→ **Task details**:
Would you print every entry below exactly as written, omitting the images?

→ **Listed entries**:
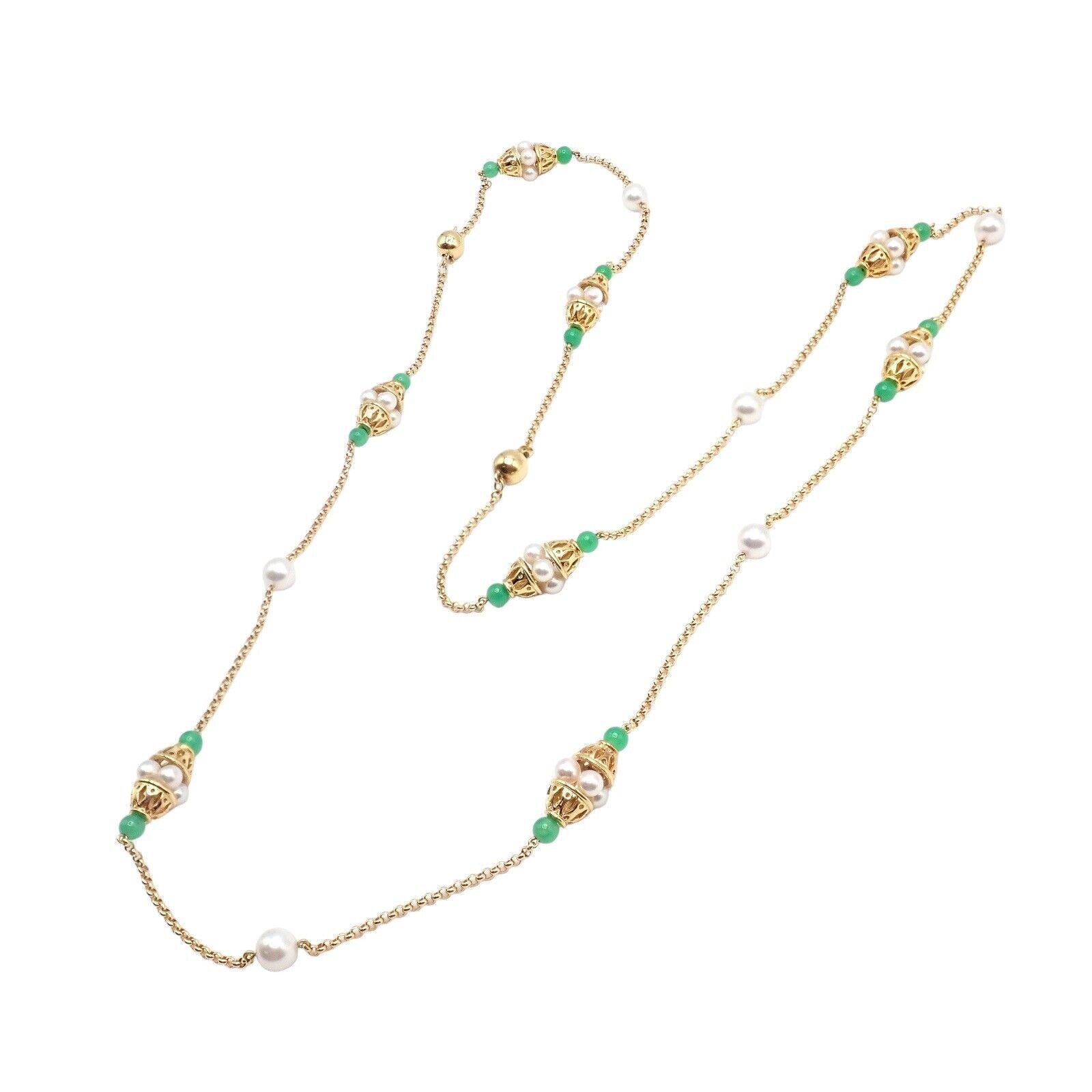 Vintage Mikimoto 18k Yellow Gold Pearl & Chalcedony 32
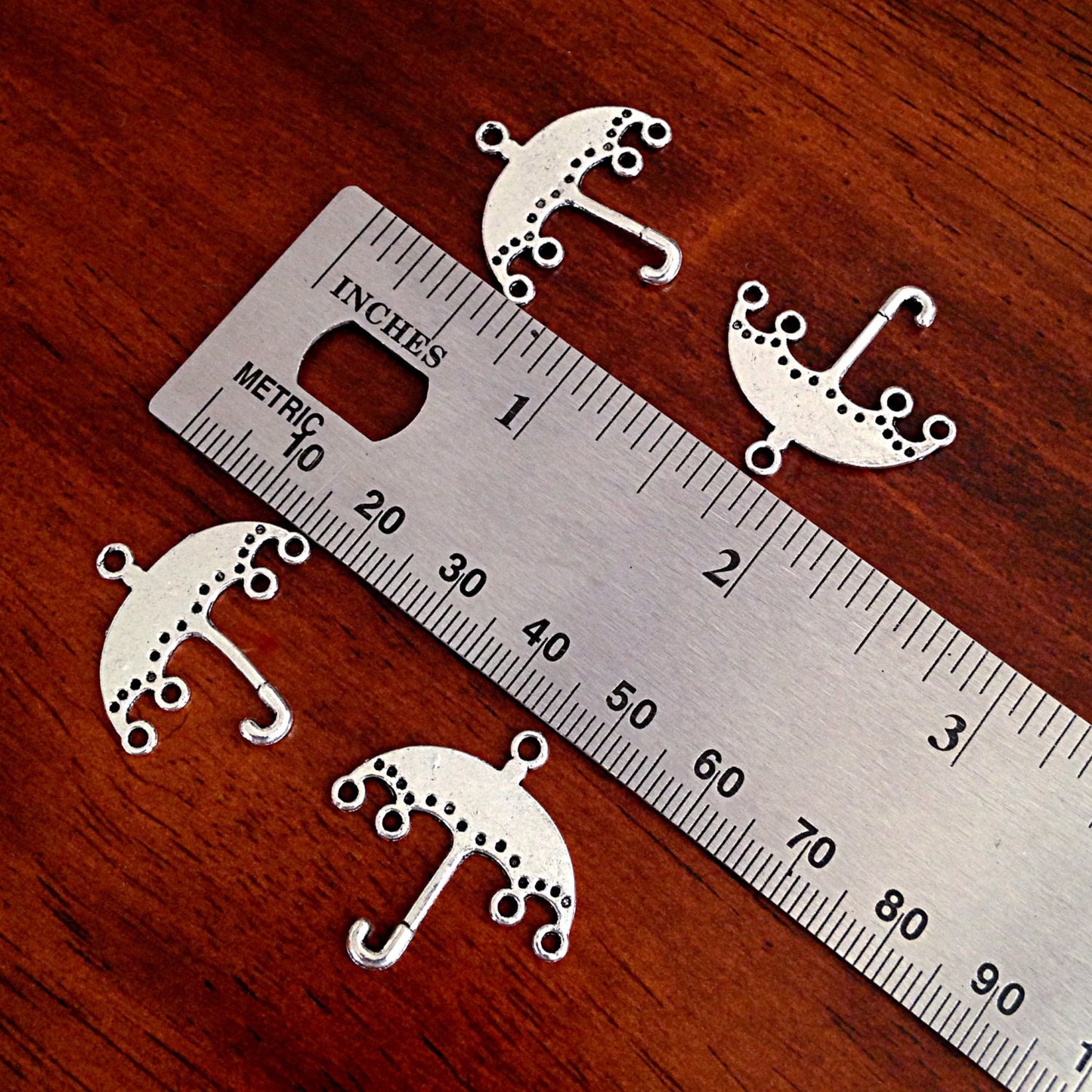 10pcs, Umbrella Charms, Antique Silver Charms, Dangle Earring Connector Charms, Parasol Charms, Findings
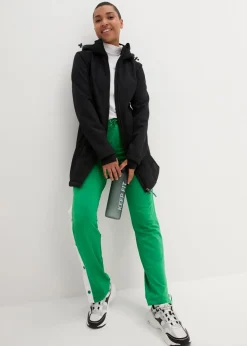 bonprix Jacken & Mäntel|Bekleidung·Hosen^wasserabweisende Funktions-Softshell-Longjacke, Kuschelfleece schwarz
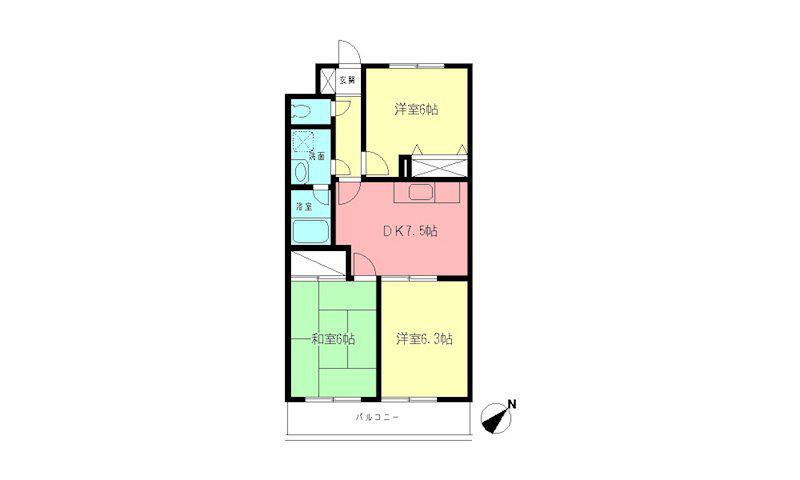 コンフォートソシア(3DK/2階)の間取り写真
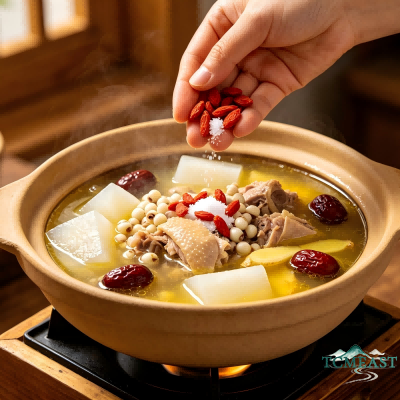 Chinese Yam, Euryale Ferox and Free-Range Chicken Soup
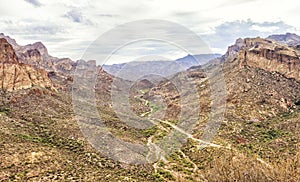 Overview of Apache trail scenic drive, Arizona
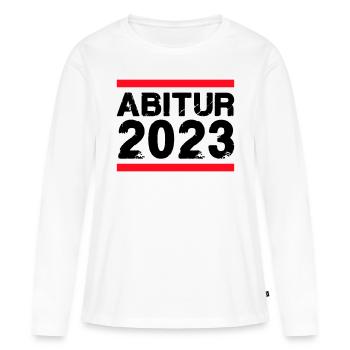 Obtention du diplôme d’études secondaires 2023 - T-shirt manches longues Premium bio Femme - blanc - Devant - Julia (174cm)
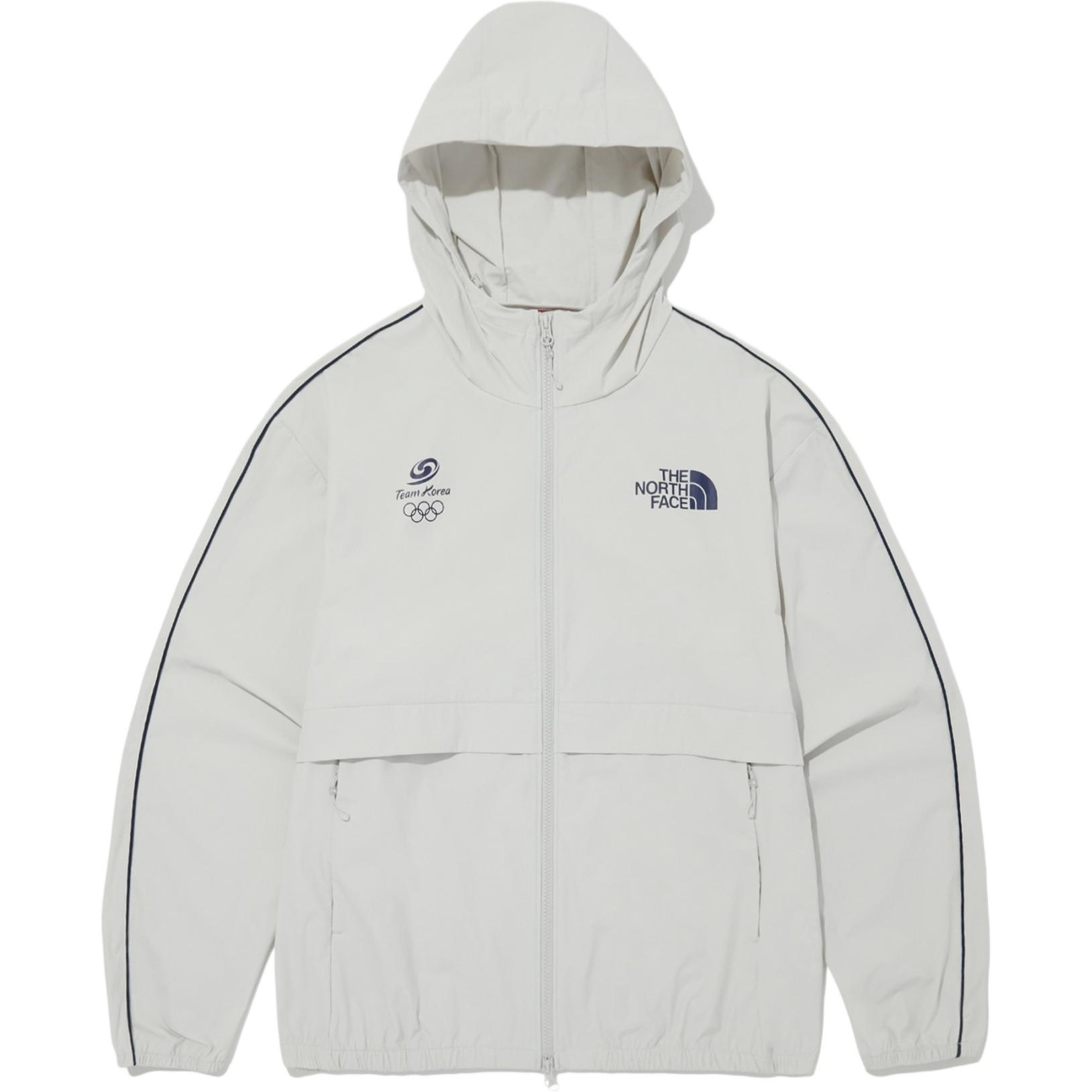 TNF PO Team Korea Ice Run Logo Hoodie Zip Jacket Men Light Gray OJ3BQ06A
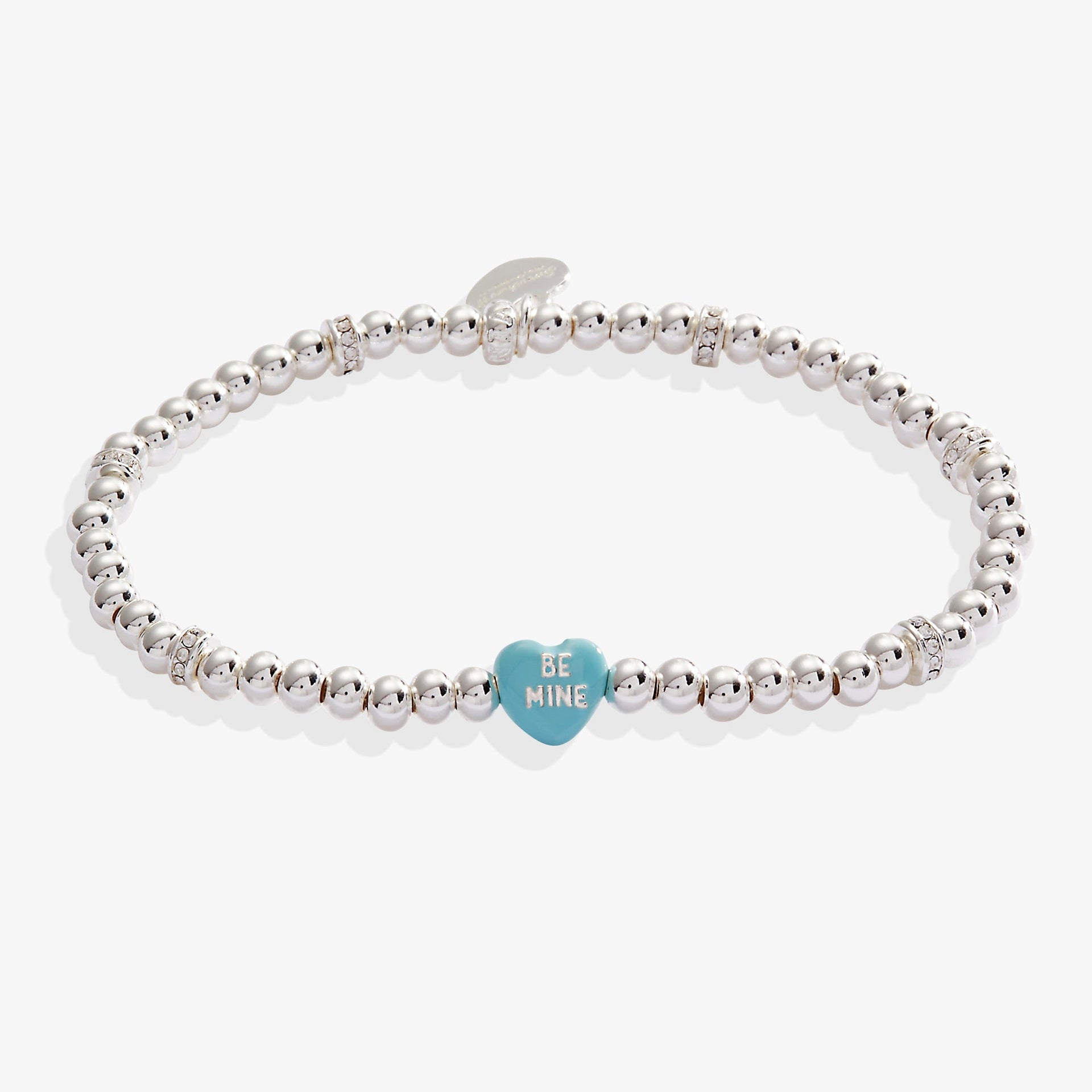 Sweethearts Be Mine stretch bracelet with blue and silver-tone heart charm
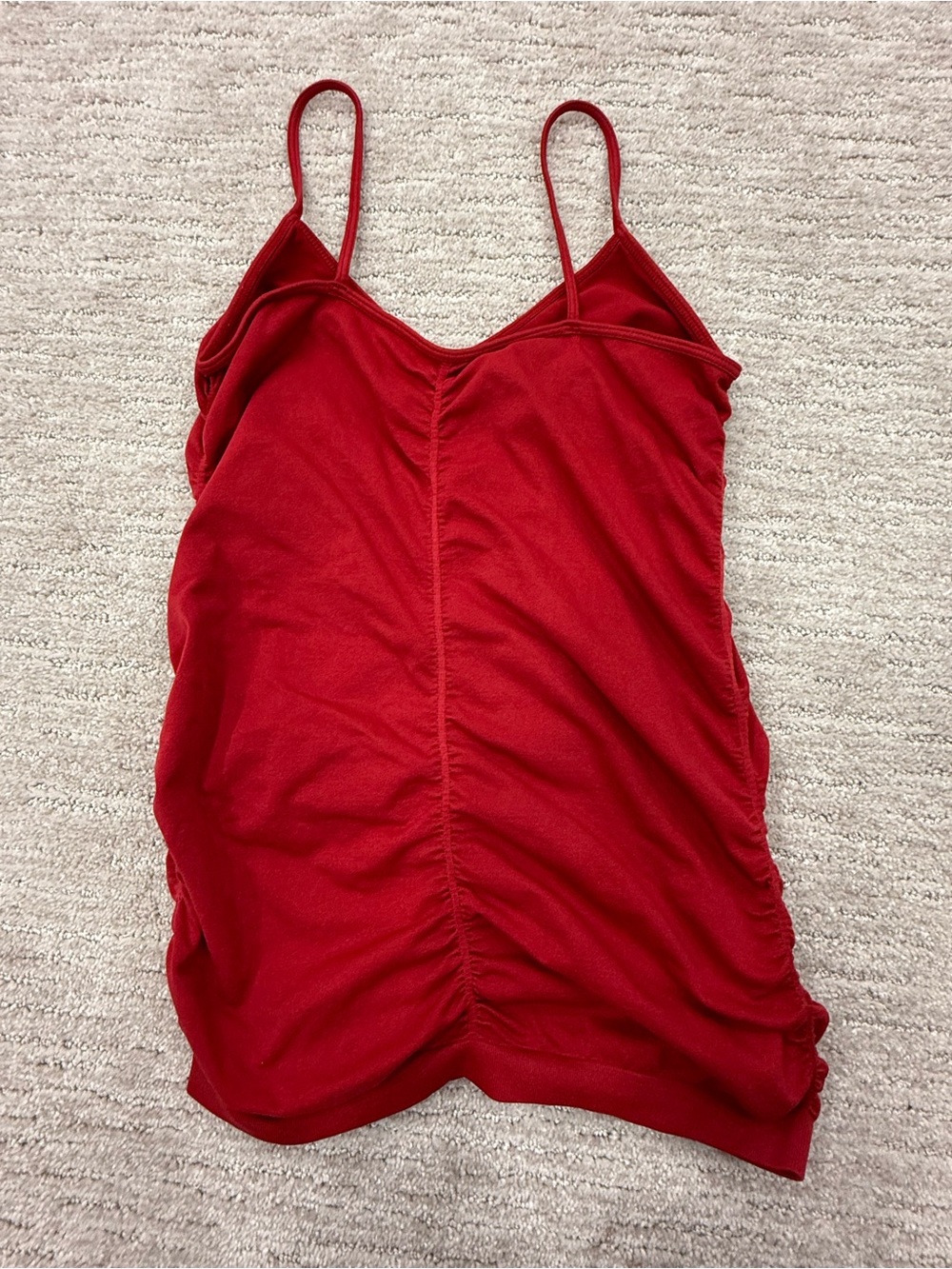 BCBGeneration Red Ruched Spaghetti Strap Tank - Picture 4 of 4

→ **Task result**:
 Vintage Mikimoto 18k Yellow Gold Pearl & Chalcedony 32
 10pcs, Umbrella Charms, Antique Silver Charms, Dangle Earring Connector Charms, Parasol Charms, Findings
 bonprix Jacken & Mäntel|Bekleidung·Hosen^wasserabweisende Funktions-Softshell-Longjacke, Kuschelfleece schwarz
 コンフォートソシア(3DK/2階)の間取り写真
 Chinese Yam, Euryale Ferox and Free-Range Chicken Soup
 Overview of Apache trail scenic drive, Arizona
 Obtention du diplôme d’études secondaires 2023 - T-shirt manches longues Premium bio Femme - blanc - Devant - Julia (174cm)
 TNF PO Team Korea Ice Run Logo Hoodie Zip Jacket Men Light Gray OJ3BQ06A
 Sweethearts Be Mine stretch bracelet with blue and silver-tone heart charm
 BCBGeneration Red Ruched Spaghetti Strap Tank - Picture 4 of 4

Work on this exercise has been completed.